Do you have a hard time connecting with yoga or meditation? Try forest bathing.
One of the simplest, most accessible and widespread (consciously or unconsciously) mindfulness practices is forest bathing. Where does it come from?
The term emerged in the 80s in Japan as a physiological and psychological exercise that consisted of immersing yourself in the forest to mindfully connect with it. This activity had a dual purpose. On the one hand, to offer a natural antidote to the exhaustion suffered by the population, and on the other hand, to bring the country's forests closer to its inhabitants so that they could appreciate and protect them. In fact, the original name in Japanese is “shinrin-yoku”, which literally means "absorbing the atmosphere of the forest".
You may have walked in the forest thousands of times and know it inside out, but not really experienced forest bathing. What does it consist of?
The key to this activity lies in how you approach the forest and not so much where or how often you do it. Forest bathing is an invitation to immerse yourself in its depth with all your senses awake. The goal is to consciously and intentionally connect with the life around you.

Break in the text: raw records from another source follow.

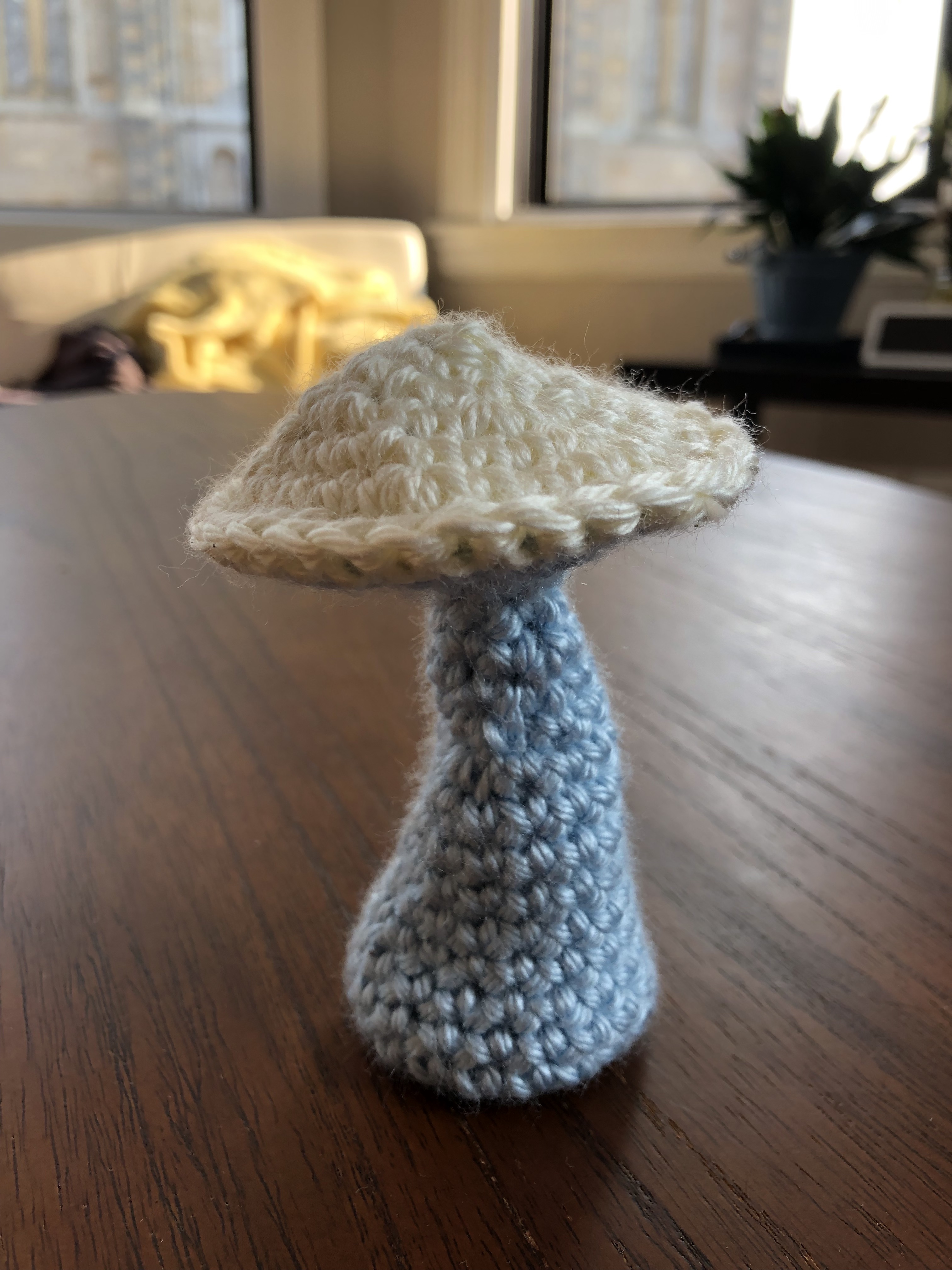 a mushroom with a white stem and blue base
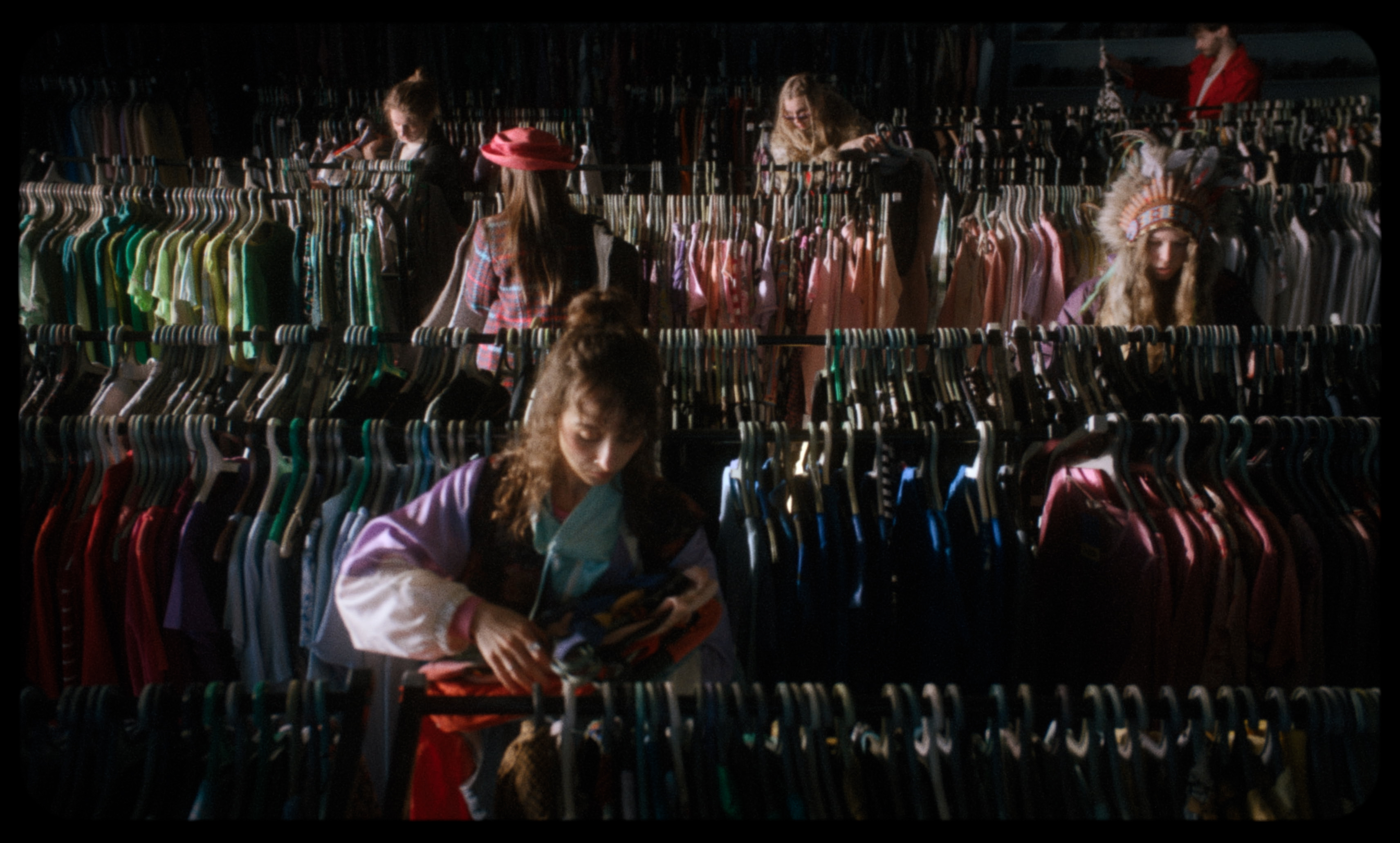 Young women browse clothing racks in a thrift store; one wears a feathered headdress — a still from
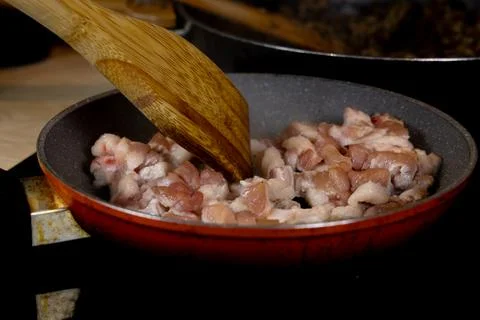Frying meat in a pan, pan-fried bacon, raw bacon fried in a pan for pierogi.. Stock Photos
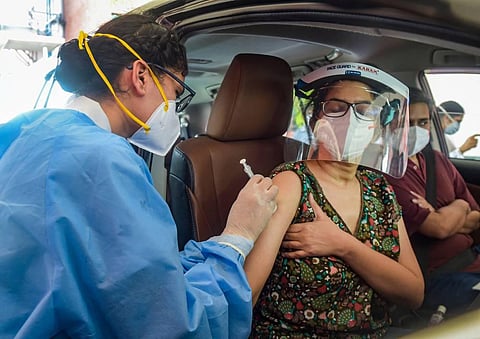 A health worker administers a dose of the COVID-19 vaccine to a woman at a drive-through vaccination centre in New Delhi. (File Photo | PTI)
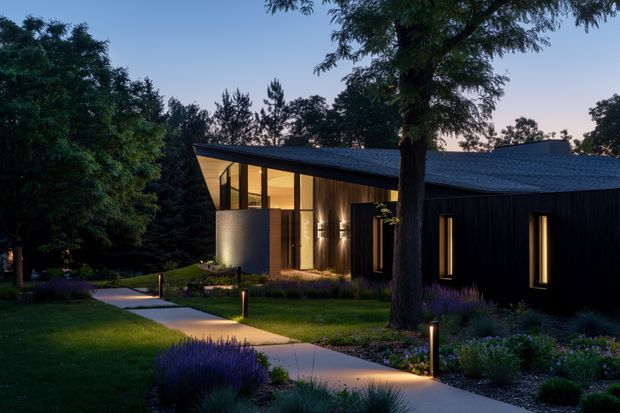 A contemporary single-storey house photographed at dusk, set within a landscaped garden. The dark, low-pitched roof and black vertical exterior cladding contrast with warm light spilling through tall glazed openings. A pale concrete walkway curves through ornamental planting and lawn, with discreet low garden lighting and mature trees framing the facade.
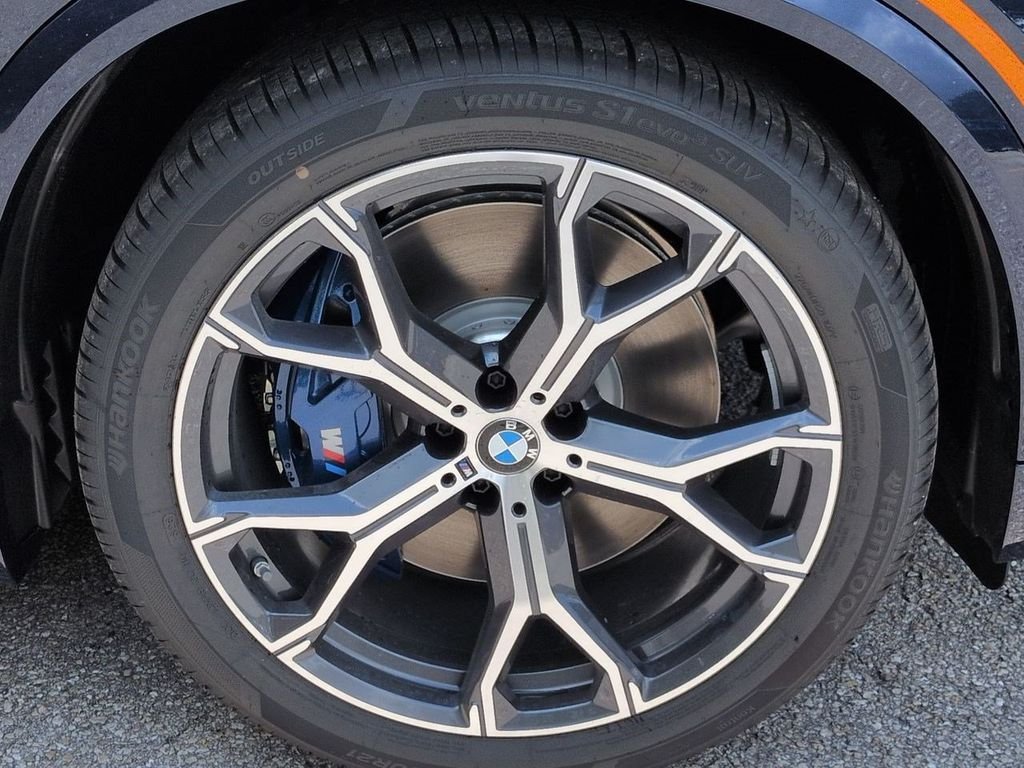 New 2026 Tanzanite Blue II Metallic BMW xDrive50e image 11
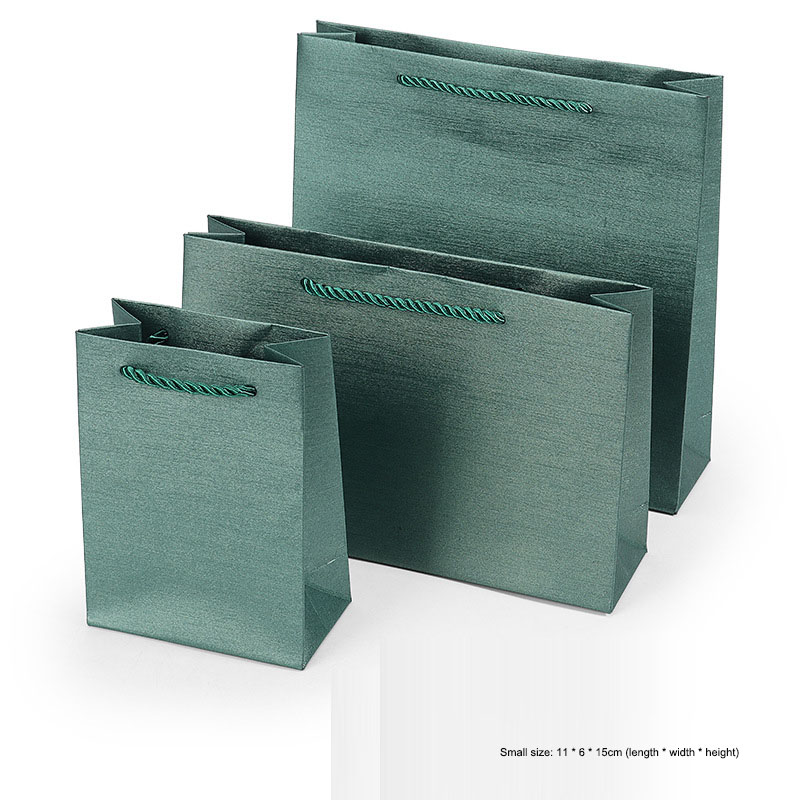 Forest sage brushed paper gift bags showing matte texture across the set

This practice can be done intuitively on your own, but if you want to explore its full potential, we recommend doing it with certified guides. Through simple exercises and invitations, such as paying attention when walking, tuning your ears or interacting with the plants around you, these guides help you awaken your senses, fine-tune them and feel the heartbeat of the forest.
Those who experience it usually point to several benefits and surprises:
1. Emotional connection with the forest: Seeing and feeling it for the first time.
We rarely immerse ourselves in the forest with full attention and the intention of connecting with it. This causes that when we intentionally do it, every tiny detail supposes a discovery for us at a visual, auditory and tactile level. You may have walked through forests every day of your life, but how many times have you stopped to observe every detail and let yourself be carried away by it? Those who experience forest bathing affirm that it is as if they had seen and felt the forest for the first time.
Another aspect that they point out is that they feel that they develop an emotional union with the forest. Throughout the activity you create a connection with it thanks to the attention you pay to everything you find. This attention triggers a series of feelings of admiration and connection with the forest, forming an emotional bond with it that makes you appreciate the richness of life that exists within it and within you.
2. Impact on your physical well-being
The effect of the sessions is usually immediate. As the practice progresses and you immerse yourself in the forest, you feel more relaxed with your body. In fact, scientific studies show how those who participate experience an improvement in the perception of their physical condition, showing a progressive and significant decrease in blood pressure and heart rate, feeling more vital and vigorous.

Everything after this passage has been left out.